I want to wallpaper my house in this announcement. I want to have it shoot out from ATM machines nationwide. I want to bake it into king cakes instead of little plastic babies. I WANT TO SHARE THIS NEWS WIDELY!
If you’ve been reading my posts here, you’ll know that I struggle with being brave and with talking to strangers and with sharing my work. This book of fictional short stories is, in a lot of ways, my attempt at processing what scares me, as well as what nourishes me and keeps me up at night. What fascinates me and repels me. What gives me all the feels.
I’ve told a few close friends about this news, and some of them have asked me how long I have been working on this book.
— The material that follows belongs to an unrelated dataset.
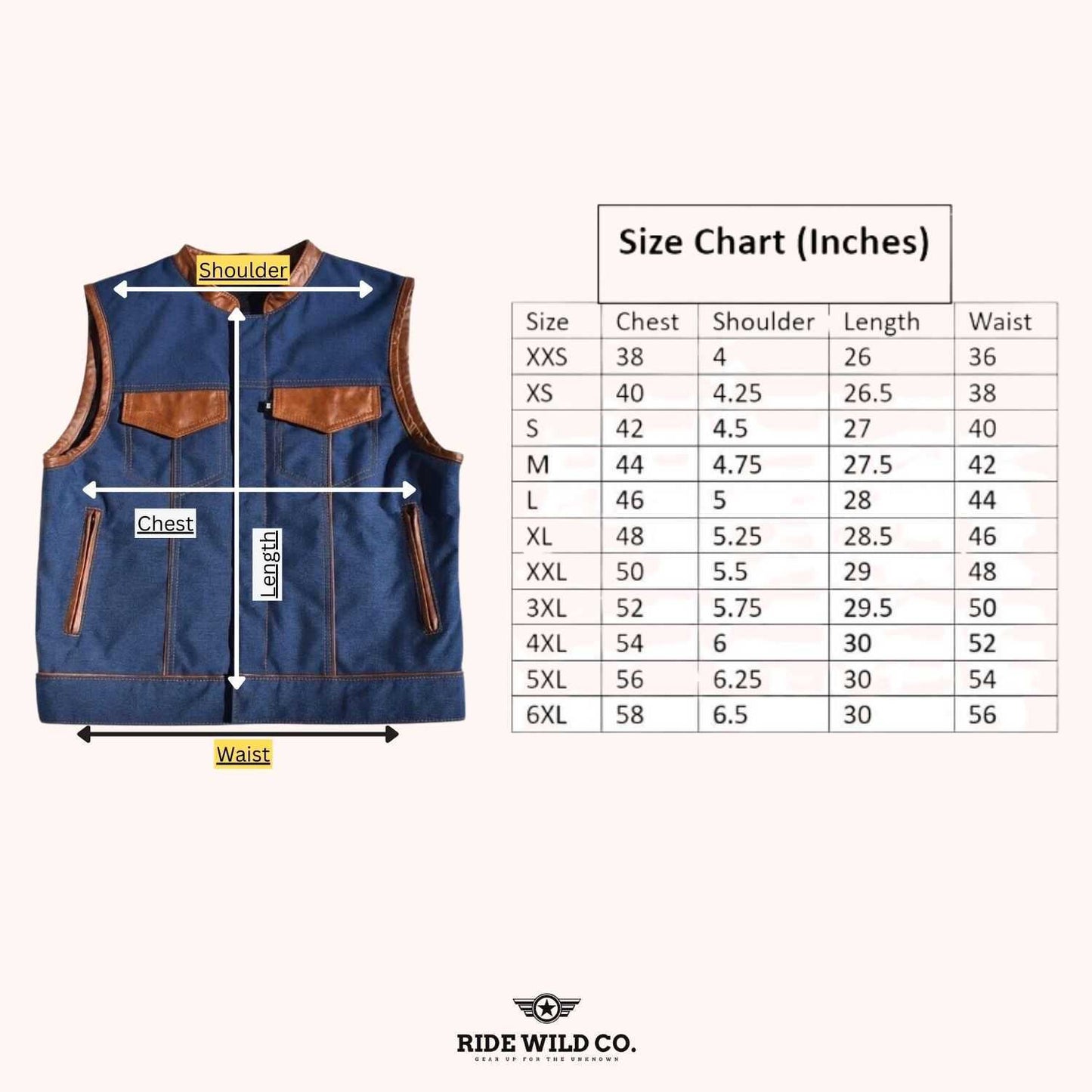 Maverick Sapphire Men's Canvas Motorcycle Vest - size chart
It’s a question that always brings me up a little short. Did it begin with the first few stories I collected as a part of my MFA thesis? With the first piece I published in a magazine? With deciding I wanted to write a book in the first place? With the first book I fell in love with? With the books my parents read to me as a child at bedtime?
Did it begin in the house where I’m from? The last one on a dead-end street? In the looming woods behind the house? Did it begin before I was born? With my grandmother’s bravado, picking fights in Depression-era Hells Kitchen? With my other grandmother’s whimsical penchant for pretending she was an opera star while sitting on the toilet?
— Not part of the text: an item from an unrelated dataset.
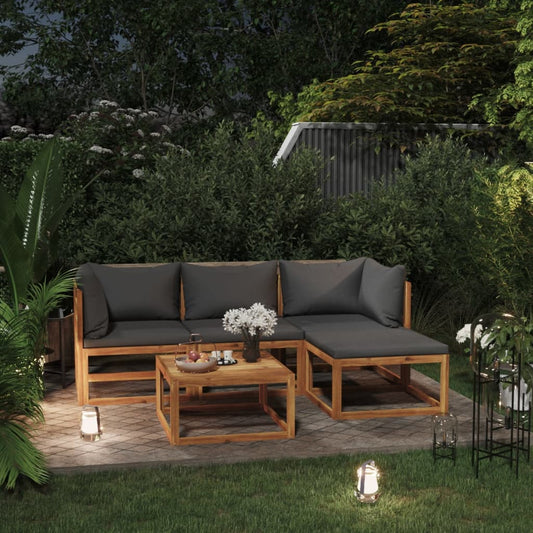 5 Piece Garden Lounge Set with Cushions Solid Wood Acacia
You probably didn’t have a chain-smoking granny who sang bad opera while on the toilet. But you probably did have someone in your life who captivated your young imagination with her big personality. Her big presence. Her storied life. I hope the MARVELOUS FREAKS in my book reminds you of her. And of all the people who made your own life a storied one.
Stories, even fictional ones, especially fictional ones, are the way we connect to each other, the ways we recognize each other. Kazuo Ishiguro said it best in his Nobel speech:
“But in the end, stories are about one person saying to another: This is the way it feels to me. Can you understand what I’m saying? Does it also feel this way to you?”
We live lives of infinite stories. Some of mine are collected in this book. I hope you read it. I hope you share it. I hope you tell some stories of your own.
So actually congrats. I left my other comment here (moved it to where it should be, the Bee Gees piece,) but I look forward to the fall.